Recorded information:
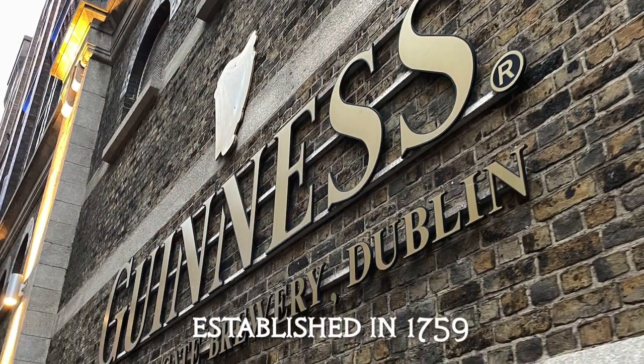Howdy folks, here's a video that has nothing to do with anything. I happen to be at the Guinness Brewery in Dublin, Ireland.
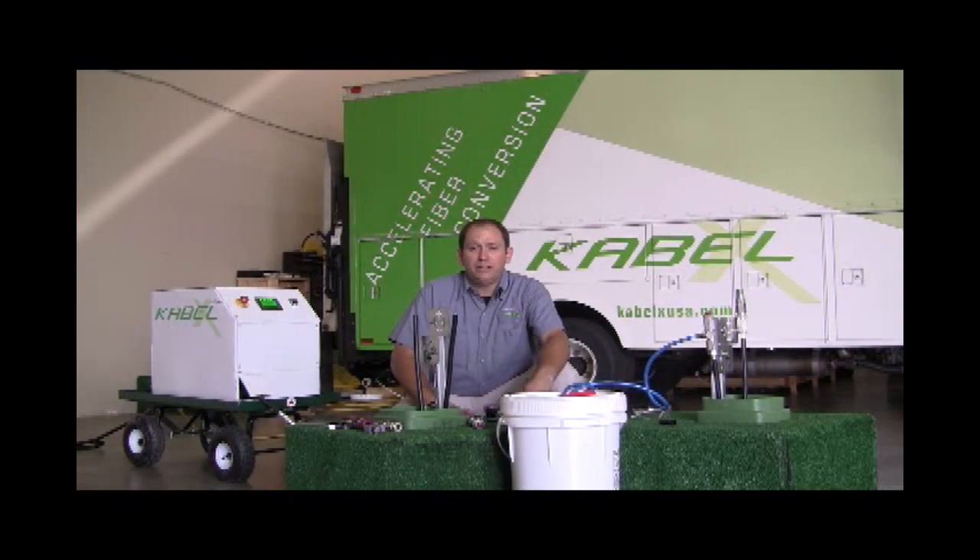I'm going to show you how we extract the core of the legacy cable. The cable we're using is about the length of a street crossing and passes one pedestal, for the sake of showing you how to pass a pedestal.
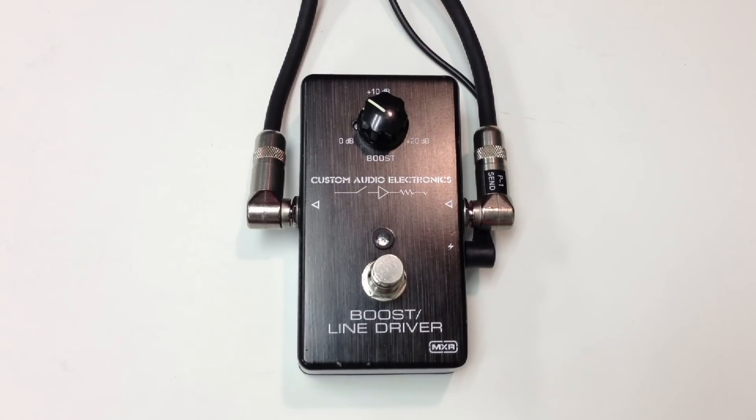So when we go ahead and hit the boost — that is the Custom Audio Electronics Boost Line Driver by MXR. Thank you for watching and please subscribe.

Aim of the task: Pictures aside, reproduce the listing above exactly.

Expected answer:
Howdy folks, here's a video that has nothing to do with anything. I happen to be at the Guinness Brewery in Dublin, Ireland.
I'm going to show you how we extract the core of the legacy cable. The cable we're using is about the length of a street crossing and passes one pedestal, for the sake of showing you how to pass a pedestal.
So when we go ahead and hit the boost — that is the Custom Audio Electronics Boost Line Driver by MXR. Thank you for watching and please subscribe.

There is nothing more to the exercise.